After proposing in 1893, Theodore Dreiser[7] married Sara White on December 28, 1898. They ultimately separated in 1909, partly as a result of Dreiser's infatuation with Thelma Cudlipp, the teenage daughter of a work colleague, but were never formally divorced. In 1913, he began a romantic relationship with the actress and painter Kyra Markham (who was much younger than he). In 1919 Dreiser met his cousin Helen Richardson with whom he began an affair and they eventually married on June 13, 1944.

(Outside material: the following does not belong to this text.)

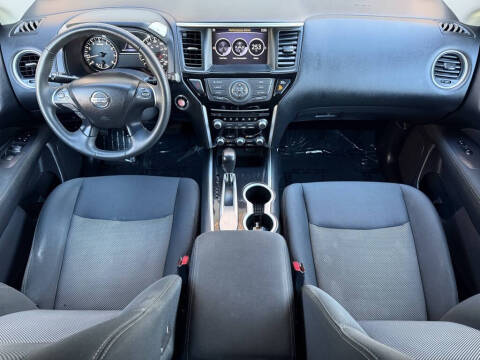 2017 Nissan Pathfinder SV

Interestingly, Dreiser was going to return from his first European holiday in the Titanic but was talked out of going by an English publisher who recommended he board a cheaper boat.
Key to Reference Sources: 

[1]   - The Chambers Dictionary, 11th Edition
[2]   - Search Chambers - (Chambers 21st Century Dictionary)
[3]   - TheFreeDictionary.com (American Heritage Dictionary)
[4]   - TheFreeDictionary.com (Collins English Dictionary)
[5]   - Oxford Dictionaries (Oxford Dictionary of English)
[6]   - Oxford Dictionaries (Oxford American Dictionary)
[7]   - Wikipedia
[8]   - Reverso Online Dictionary (Collins French-English Dictionary)
[9]   - Infoplease (Random House Unabridged Dictionary)
[10] - CollinsDictionary.com (Collins English Dictionary)
[11] - TheFreeDictionary.com (Random House Kernerman Webster's College Dictionary)
Signing off for today — Falcon

3 comments:

  1. Hi Falcon,
    I was not familiar with the solution to 16d but was able to figure it out from the wordplay. My favourite clue today was 15d - definitely chuckled when I solved that one.

    Thanks again for all your efforts with the puzzle(s).
    Best,
    MG

    ReplyDelete
    Replies
    1. Hi MG,

      Thank you for your comment. Glad to year that you enjoy the blog.

      Delete
  2. For me there were a few tough nuts to crack. Just couldn't get a handle on 3D, as I thought "second of bishops" meant the letter "i"; and in 5D I thought only "log" was getting "sent back" so that the definition was for "Adorned," until crosses revealed the "flower." I also continue to be blind to anagrams for way too long (9A), and while I had the right answer for 1A, I didn't understand it (for "Brother" I first had "man" as an exclamation, then changed it to the Jamaican "mon" :) ). I really appreciate your posting these puzzles and the solutions.